Espectáculo callejero en Lahore, Pakistán

Espectáculo callejero en el que un marjor y un macaco divierten al público. El marjor mantiene el equilibrio sobre una delgada columna de madera compuesta por varias secciones. Mientras, el macaco hace flexiones y muestra a la gente un tarro metálico para recolectar rupias. Por supuesto, estos pobres animales no se divierten.
Bazar de animales en Karachi, Pakistán

Águilas, perros, gatos, monos, loros... esperan en diminutas jaulas metálicas a que alguien decida comprarlos y llevárselos a casa, donde vivirán el resto de sus días como mascotas. Quizá, los más perjudicados sean las grandes rapaces y los monos.
Cornamenta de carnero de Marco Polo, Gorno-Badajshán, Tayikistán

En una de las zonas más pobres de Asia Central existen varias reservas de caza para millonarios. Armados con potentes fusiles, estos cazadores con ansias de vivir aventuras épicas pagan hasta 45.000 dólares para poder matar carneros de Marco Polo (Ovis ammon polii), el muflón más grande del mundo. Los pamiris consideran a este animal un heraldo de la libertad, y desde tiempos inmemoriales indican el camino con una o varias cornamentas para guiar a los viajeros y darles buena suerte.

La falta de recursos y la corrupción generalizada hacen muy difícil la protección de uno de sus depredadores naturales, el leopardo de las nieves (Panthera uncia). Personajes de la peor calaña con los bolsillos llenos de dólares pagan fortunas para sortear la ley y abatir a uno de estos magníficos felinos. En el Pamir de Tayikistán quedan entre 120 y 300 ejemplares.

Desde siempre, todos los animales han sido presas y predadores, ya sean insectos, aves, peces o mamíferos. Esta relación entre cazadores y presas conduce al equilibrio en la naturaleza, salvo que exista un animal muy superior a los demás. Y aquí es donde entran los homininos.

Desde hace unos 6 millones de años hasta hace unos 30.000 años existieron varias especies del género Homo, que vivían de la caza y la recolección. La evolución natural de todos los seres vivos hace que sobrevivan aquellos que mejor se adapten al cambio. Homo sapiens, gracias a su enorme inteligencia, empezó a prosperar a gran velocidad aprovechando todos los recursos a su alcance.

Durante el neolítico, hace unos 8000 años, poco a poco dejamos de ser cazadores recolectores y adoptamos la agricultura y la ganadería, que cambiarían para siempre el mundo.
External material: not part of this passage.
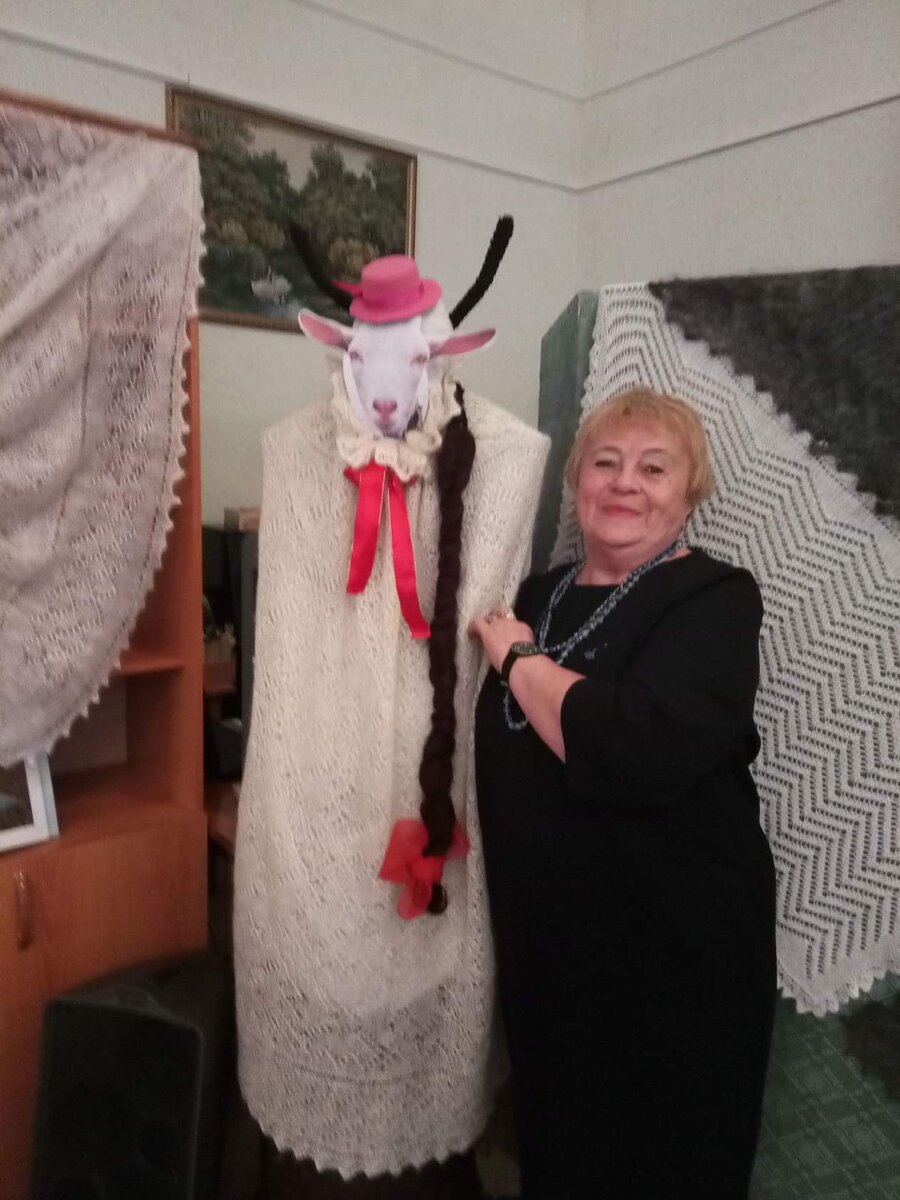 Базовое платье, украшением являются бусы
En aquel entonces habitaban la Tierra unos 10 millones de humanos; en la época del imperio romano éramos alrededor de 200 millones; hace poco más de un siglo, en 1900, 1.650 millones; ahora, en 2024, superamos los 8.000 millones, y seguimos creciendo.   

Desde un punto de vista biológico, Homo sapiens es una plaga fuera de control.

El filósofo Thomas Hobbes lo expuso de forma muy clara: “Homo homini lupus est” (El hombre es un lobo para el hombre).